Archive for June, 2011

A Backslash is not a Slash

June 26, 2011

I must be playing the crotchety old man today. Maybe it has something to do with not feeling all that well. I’ll get over that, but I might not get over these young’uns who, when I tell ’em to use a slash, ask which one. There is only one. It is used for division. It is used in paths for Internet protocols like HTTP and FTP. It is used as the directory separator on UNIX and UNIX-like systems, which is how it came to be used in Internet protocols. That slash. You know the one.

These young’uns seem to get the slash confused with the backslash. I’m not quite sure why. Try putting in your source code somewhere “a = b \ 2” and I can guarantee that it won’t divide by two unless you have made a conscious effort to do something about that backslash. Try putting backslashes in place of the slashes in the URL bar of your web browser. There is a good chance that the web browser won’t know what you want it to do, and if you get past that, the web server will likely give you a 404.

My best guess is that these young’uns have gotten confused by some Microsoft software allowing both the slash and backslash to be used as directory separators. There was a time when their web browser allowed this and caused some people just learning how to make web sites to make links that were incompatible with anything other than Microsoft software. It seems we have gotten past that bit of confusion from the late 1990’s, yet some software developers get confused when I tell them to use a slash, even though they ought to know them apart to make their division and escape sequences work.

I suppose I might be partly to blame. I regularly use slashes in paths on code that runs on Windows systems because I know that the Windows libraries, like Win32, will interpret the slash as a directory separator. It was a fine decision on Microsoft’s part to assist in porting UNIX software to Windows, and I do use some software at work that started on UNIX and was later ported to Windows. The whole development team does, even if they don’t realize it. So, I use slashes in the paths because they work, and I don’t have to type two characters; using the backslash would start an escape sequence and require another backslash to be interpreted as a single backslash in a string literal.

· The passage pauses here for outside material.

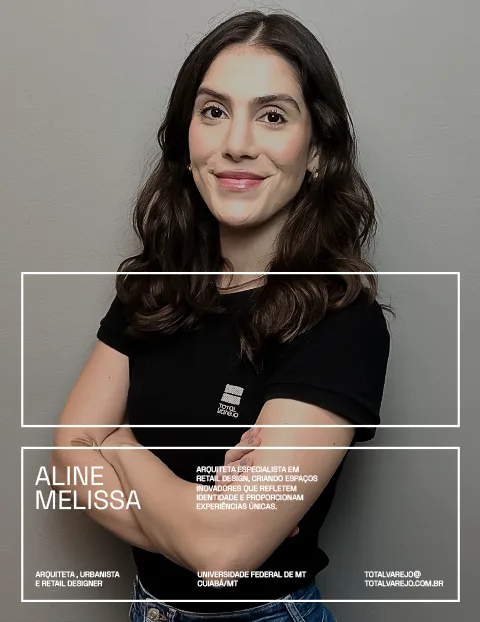 Aline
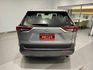 RAV4 2.0  第6張縮圖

Still, that doesn’t seem very confusing to me. Software developers need to get this sort of thing straight, so I’m still not clear as to why software developers don’t know what I mean when I say slash. I can understand if they ask about it in the context of a path since not all software on Windows will go both ways, but I get asked outside that context, too. I think when I’m asked which slash to use in the future, I may start answering with use the character for division, or use the character for an escape sequence. If a software developer still doesn’t know what I mean, then they shouldn’t be employed as a software developer. Fortunately, I think it’ll be a while before I find myself working with such an ignorant developer.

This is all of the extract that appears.